──────── Data section

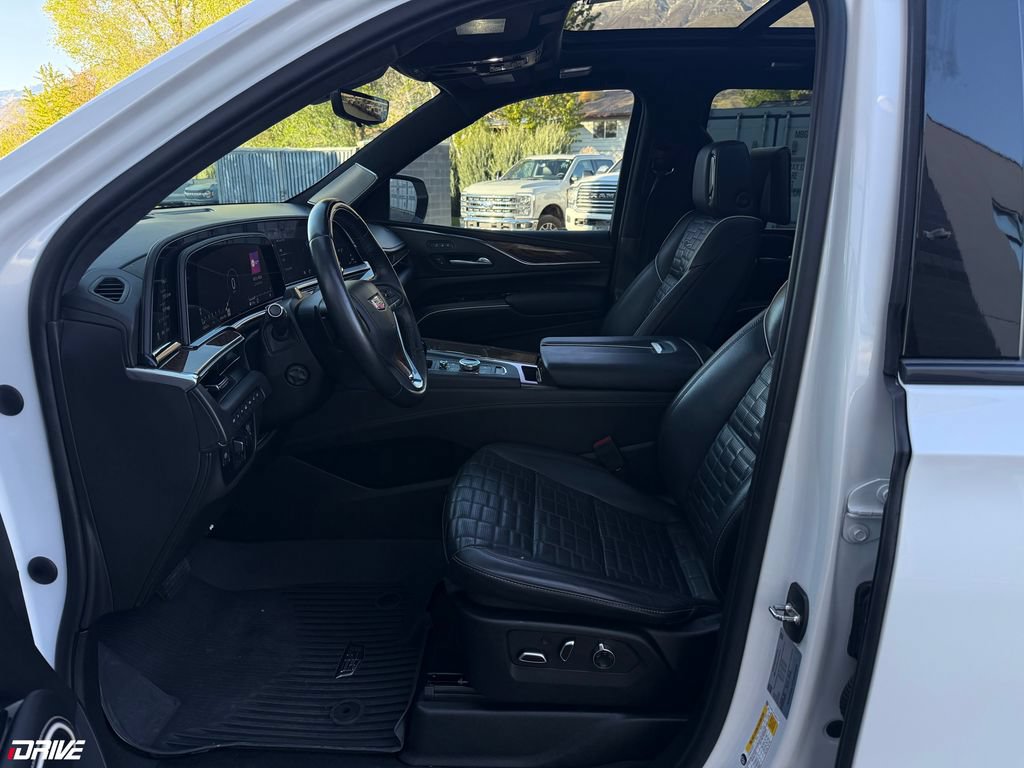Used 2023 Cadillac Escalade ESV Sport Platinum w/ LPO, Floor Liner Package AWD/4WD image 34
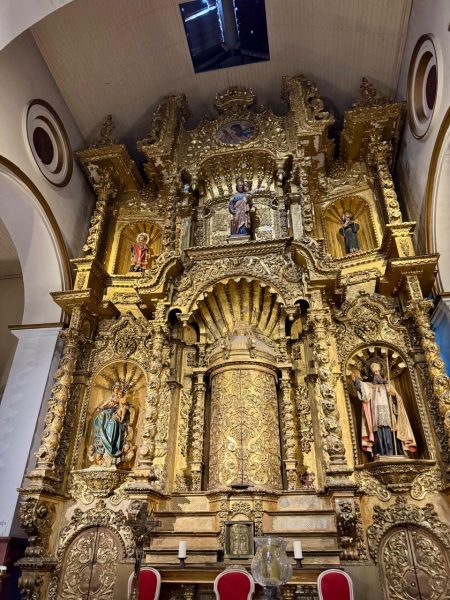 Detalhes em ouro na Igreja San José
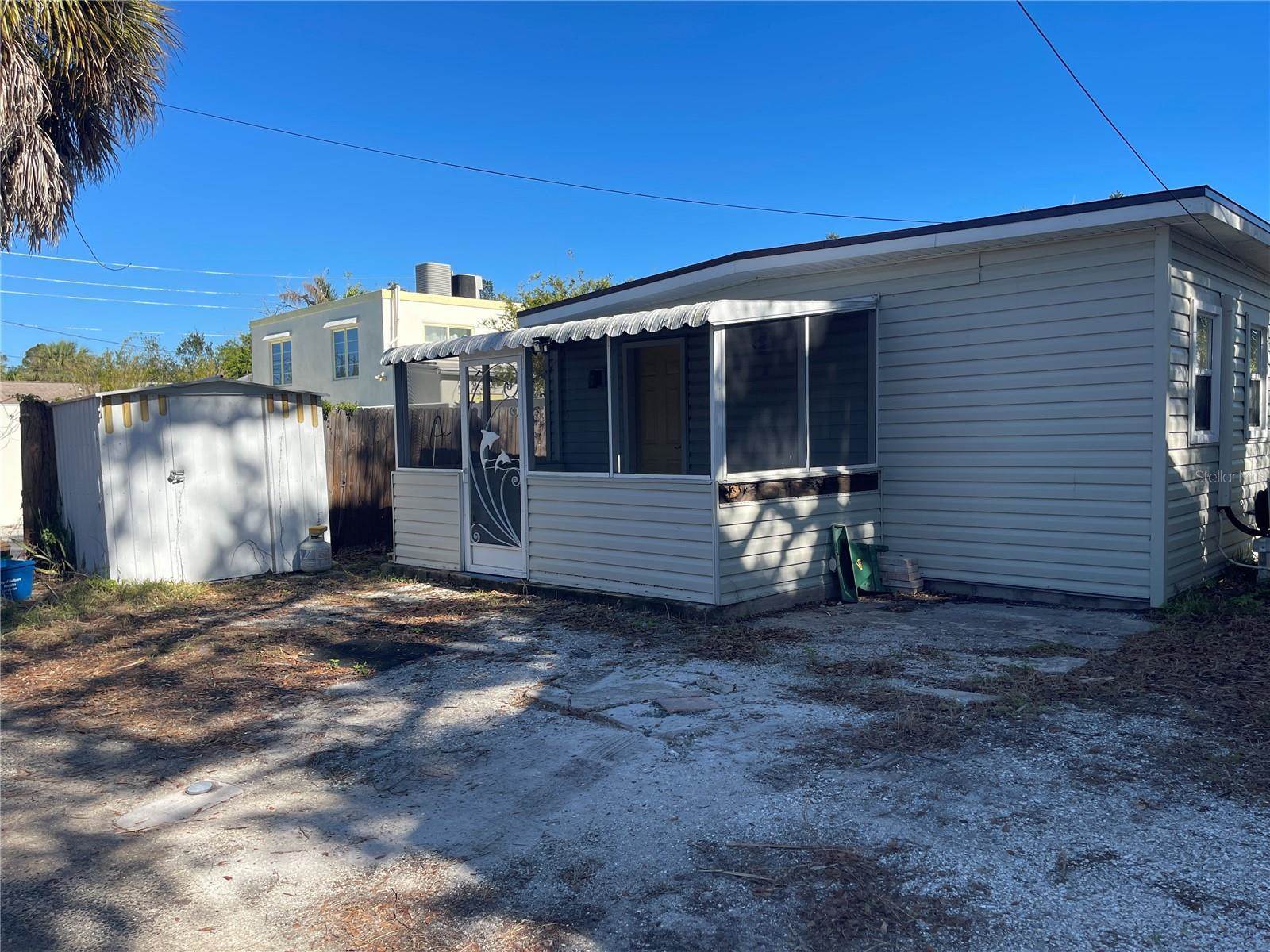 2925 Clinton Street South, Gulfport, FL 33707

────────────────

Task brief: I need the lines from the line containing "Detalhes em ouro na Igreja San José" through the final line of the listing duplicated exactly, both ends included, with no pictures and nothing else.

Final answer:
 Detalhes em ouro na Igreja San José
 2925 Clinton Street South, Gulfport, FL 33707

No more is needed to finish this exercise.